Since the end of the fund's first year, when, with the help of a semi-monthly television program, it became better known, some 100 to 150 projects land at its doorstep each year, Miss Birman noted in an interview. About one-third get thrown out on the first look. Others take longer to reject. At the moment, the fund's staff of eight has nearly 70 projects under consideration and more than 20 others in various stages of testing. Some 25 others are being producted and marketed.

The fund's most profitable project so far has been a group of cosmetics, such as cream and lotion, based on the stalk of sunflowers. Billed as a natural product, they are selling well in Hungary. Plans are afoot to introduce them to the West. ''Everyone wants to use something that is natural,'' said Miss Birman.

Other successful products include a chocolate milk powder soluble in water; a protein-rich snack powder made from milk powder with spices and mineral salts added; candied vegetables and fruit; and a greenhouse covered with a double sheet of plastic and water running between those layers for heating and cooling.

But not all projects have succeeded. ''You can't be clever enough to always choose the best projects,'' she notes.

One toy seemed destined for success. It was a 12-sided successor to the Rubik's Cube, which was invented by a Hungarian and was, in a way, one of the rationales for the Innovation Fund. But a similar product made in the Far East flooded the Western markets before the Hungarian version was ready.

''Nothing came out of it,'' lamented Miss Birman. ''And those molds were not cheap.'' Production of the toy was stopped.

Moreover, sometimes she finds it difficult or impossible to work with the inventors. ''It seems to be a good idea, but they can't work with other people, '' she said.

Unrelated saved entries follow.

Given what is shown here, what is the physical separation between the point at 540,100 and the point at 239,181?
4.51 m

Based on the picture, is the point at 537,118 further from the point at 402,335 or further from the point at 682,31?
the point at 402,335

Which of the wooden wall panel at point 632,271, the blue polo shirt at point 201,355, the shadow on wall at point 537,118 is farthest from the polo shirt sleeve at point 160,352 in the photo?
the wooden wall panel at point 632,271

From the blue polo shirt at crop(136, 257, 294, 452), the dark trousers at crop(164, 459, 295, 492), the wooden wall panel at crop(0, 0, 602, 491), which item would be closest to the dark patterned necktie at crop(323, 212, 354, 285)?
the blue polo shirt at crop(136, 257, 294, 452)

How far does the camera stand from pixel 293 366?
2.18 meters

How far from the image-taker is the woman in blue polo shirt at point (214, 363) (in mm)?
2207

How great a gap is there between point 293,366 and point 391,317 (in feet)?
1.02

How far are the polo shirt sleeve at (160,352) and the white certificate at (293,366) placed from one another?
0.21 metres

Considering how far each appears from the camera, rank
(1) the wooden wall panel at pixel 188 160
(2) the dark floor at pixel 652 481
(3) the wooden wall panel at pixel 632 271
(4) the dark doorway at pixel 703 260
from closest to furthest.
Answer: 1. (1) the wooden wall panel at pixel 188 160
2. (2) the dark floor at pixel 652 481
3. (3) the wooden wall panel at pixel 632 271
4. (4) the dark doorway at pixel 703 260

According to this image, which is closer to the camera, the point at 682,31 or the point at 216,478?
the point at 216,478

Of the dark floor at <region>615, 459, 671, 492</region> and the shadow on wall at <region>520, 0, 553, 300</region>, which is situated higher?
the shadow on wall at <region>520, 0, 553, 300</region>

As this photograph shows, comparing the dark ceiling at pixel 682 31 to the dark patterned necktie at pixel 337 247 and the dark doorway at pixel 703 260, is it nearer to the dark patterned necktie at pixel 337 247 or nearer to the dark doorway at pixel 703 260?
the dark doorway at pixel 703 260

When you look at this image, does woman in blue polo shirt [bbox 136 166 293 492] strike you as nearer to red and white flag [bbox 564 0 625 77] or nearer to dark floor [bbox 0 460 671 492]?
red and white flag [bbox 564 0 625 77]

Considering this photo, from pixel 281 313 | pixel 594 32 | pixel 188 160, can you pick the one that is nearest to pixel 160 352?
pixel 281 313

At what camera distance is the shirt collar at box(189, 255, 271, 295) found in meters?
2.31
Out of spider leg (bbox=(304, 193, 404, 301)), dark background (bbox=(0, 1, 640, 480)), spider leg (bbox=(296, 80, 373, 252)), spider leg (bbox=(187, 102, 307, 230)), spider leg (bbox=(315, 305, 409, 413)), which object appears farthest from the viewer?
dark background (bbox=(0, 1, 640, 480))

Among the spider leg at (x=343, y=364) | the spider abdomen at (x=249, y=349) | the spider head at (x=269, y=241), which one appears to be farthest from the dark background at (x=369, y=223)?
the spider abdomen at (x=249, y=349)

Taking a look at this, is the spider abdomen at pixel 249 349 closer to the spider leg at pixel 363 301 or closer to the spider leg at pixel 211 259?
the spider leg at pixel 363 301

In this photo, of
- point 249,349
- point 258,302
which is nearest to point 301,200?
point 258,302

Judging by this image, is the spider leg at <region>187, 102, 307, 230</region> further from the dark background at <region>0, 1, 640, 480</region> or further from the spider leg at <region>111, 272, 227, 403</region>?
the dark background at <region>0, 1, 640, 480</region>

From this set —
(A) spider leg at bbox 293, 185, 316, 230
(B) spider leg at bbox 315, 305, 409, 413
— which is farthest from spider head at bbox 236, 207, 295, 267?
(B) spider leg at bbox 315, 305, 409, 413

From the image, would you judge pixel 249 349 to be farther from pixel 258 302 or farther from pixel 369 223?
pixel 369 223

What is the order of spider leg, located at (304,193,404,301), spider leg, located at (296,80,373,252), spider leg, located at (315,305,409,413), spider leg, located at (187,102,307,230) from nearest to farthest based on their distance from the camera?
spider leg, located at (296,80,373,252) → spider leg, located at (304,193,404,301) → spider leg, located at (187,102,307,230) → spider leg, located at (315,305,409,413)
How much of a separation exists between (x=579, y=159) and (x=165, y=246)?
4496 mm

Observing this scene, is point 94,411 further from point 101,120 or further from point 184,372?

Since the Innovation Fund was started, several other venture capital funds have been launched by ministries, including those of agriculture, construction, and industry; cooperatives, and foreign-trade organizations.

So far the Innovation Fund has used about half its 600 million forints of capital and earned about 80 million ($1.7 million). A new goal is for the fund to become independent of the National Bank by the end of the year, financing its own operation and becoming a separate bank. Miss Birman will then become a banker as well as a venture capitalist.